Submitted to: Journal of Stored Products Research
Publication Type: Peer reviewed journal
Publication Acceptance Date: 8/2/2004
Publication Date: 7/1/2005
Citation: Vowotar, K.A., Meikle, W.G., Ayertey, J.N., Markham, R. 2005. Distribution of and association between the larger grain borer prostephanus truncatus (horn) (coleoptera: bostrichidae) and the maize weevil sitophilus zeamais motschulsky (coleoptera: curculionidae) in maize stores. Journal of Stored Products Research. Interpretive Summary: The larger grain borer and the maize weevil are the most important pests of stored food in West Africa, and together they often cause grain losses of 20% or more. Research is being conducted to understand how these insects invade the stored grain stores. Corn cobs were sampled once a month from different grain storage bins in Benin, West Africa, so that farmers can know when to begin protecting them from insect invasions. One insect pest was discovered to have already infested the corn prior to storage, while another entered later. This information can be used by farmers and extension agents to help decide when to apply prevention or control measures for pests, while saving money on treatment costs.

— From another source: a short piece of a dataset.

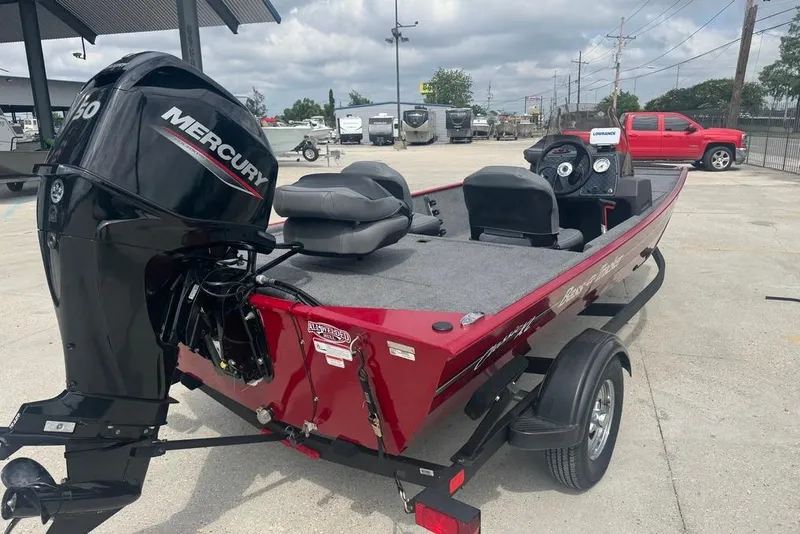 Slide: The Image of 2024 Bass Tracker Classic XL boat with Mercury engine, parked outdoors. - 4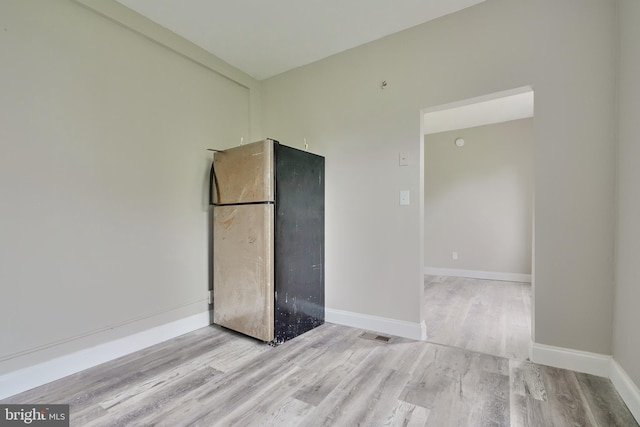 spare room featuring light wood-type flooring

Technical Abstract: Interspecific interactions between the larger grain borer Prostephanus truncatus (Horn) (Coleoptera: Bostrichidae) and the maize weevil Sitophilus zeamais Motschulsky (Coleoptera Curculionidae) were studied during two storage seasons in maize stores, in Bénin. Maize ears, randomly sampled from farmers’ grain stores, were 'reared out', i.e. kept for 4 weeks under controlled conditions for F1 to emerge, and periodically sampled, in order to examine colonization patterns of P. truncatus and S. zeamais. For both storage seasons, P. truncatus and S. zeamais populations were sparsely aggregated and not associated with each other. The degree and strength of association increased with each sampling occasion with respect to the Ochiai, Jaccard and Dice indices of association. By the fourth sampling occasion, P. truncatus was found on most ears and on some ears in very high numbers (>300 insects). Almost all ears with P. truncatus contained at least a few S. zeamais individuals, but many ears with S. zeamais contained no P. truncatus.